Personalised service by a NHS Senior Ultrasonographer Scanning Privately on Weekends!
A full Consultation with your Ultrasonographer is included in the below price.
We will give you a report of your findings, but the images will only be sent to your NHS GP or Medical Clinic (with your consent).
|Breast Ultrasound (Unilateral)||£160|
|Breast Ultrasound (Bilateral)||£200|
- PLEASE NOTE – We do not do normal full breast health check screenings as our ultrasonographer is not trained in this. Further, we do not offer pre-surgery scanning requested for by specialists – you will need to see a breast consultant for this.
- Please arrive at least 10 minutes before your appointment time – this allows adequate time to get registered with us.
What is a Breast Ultrasound?
This is the examination of the breast tissue using an ultrasound scan. Ultrasound uses high frequency sound waves to produce images of the breast that are displayed on a screen.
Why would I need a Breast Ultrasound?
If you or your doctor can feel a lump in the breast, ultrasound can help to distinguish fluid-filled lumps (cysts) from solid lumps that may be cancerous or benign (non-cancerous).

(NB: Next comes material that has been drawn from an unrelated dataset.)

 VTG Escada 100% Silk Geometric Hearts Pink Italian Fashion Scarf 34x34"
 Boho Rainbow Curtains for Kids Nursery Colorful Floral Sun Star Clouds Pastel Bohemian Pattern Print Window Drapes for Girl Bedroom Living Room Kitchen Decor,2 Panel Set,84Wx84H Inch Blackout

In younger patients who have breast symptoms (e.g. pain, lumps), ultrasound is often the first investigation. The breast tissue of younger women is much denser than it is in older women, and this can make it harder to detect an abnormality using an X-ray (mammogram).

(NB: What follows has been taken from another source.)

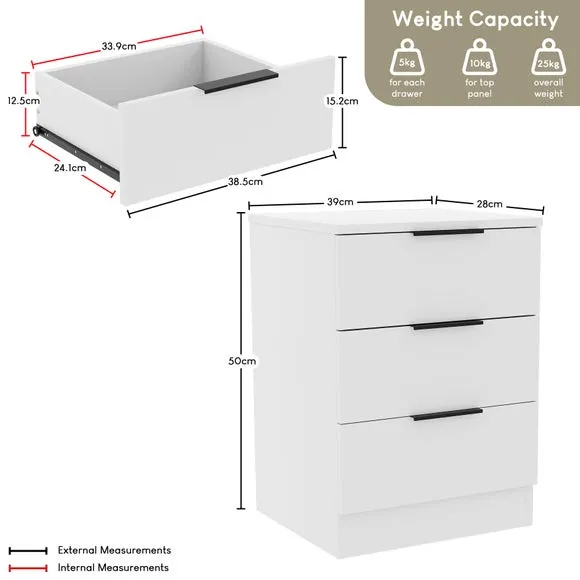 Hayes 3 Drawer Bedside Table 6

Ultrasound is also used to diagnose problems such as complications from mastitis (an infection that occurs most often during breast-feeding), assessing abnormal nipple discharge or problems with breast implants.
If an abnormality is found during the ultrasound, you may need to be referred to the hospital to have an ultrasound-guided needle biopsy (Breast FNA or Core Biopsy).
How do I prepare for a Breast Ultrasound?
No preparation is necessary. It is advisable to wear a two-piece outfit so that only your top has to be removed to provide access to the breast area.
What happens during a Breast Ultrasound?
- You will be asked to remove your top and bra, and change into a gown.
- You will be asked to lie on a bed and one breast at a time will be examined.
- The ultrasound probe (called a transducer) is placed on the breast and gently moved around the breast to examine the breast tissue.
- Examination of the armpit (or axilla) will also be undertaken to assess for any enlarged lymph glands (or nodes), a lump or swelling.
What are the risks of a Breast Ultrasound?
There are no risks from an ultrasound. Even if you are pregnant, you are able to safely have an ultrasound examination.
What are the benefits of a Breast Ultrasound?
Ultrasound examination allows the detection and identification of most breast lumps. It is especially useful in distinguishing between solid and fluid-filled lumps.
If the ultrasound does not identify a lump that you or your doctor can feel, then other tests, such as a mammogram or magnetic resonance imaging (MRI), may be required to examine the breast.
When is a mammogram more useful?
Mammograms are used in screening in women aged 50 and over. A mammogram is able to detect microcalcifications, which are tiny dots of calcification seen in early breast cancer.
Studies have shown that cancers detected during screening have a favourable outcome compared to clinically detected cancers, which is breast cancer that can be felt as a lump on clinical examination.
When is a mammogram not effective?
A mammogram is not fail-proof and a small number of breast cancer cases may be hidden from view on mammography.
Some women also have very dense breasts which make it difficult to detect small abnormalities. The younger you are, the more dense your breast tissue will be. Because of these factors, a mammogram can detect about 90 percent of breast cancer cases.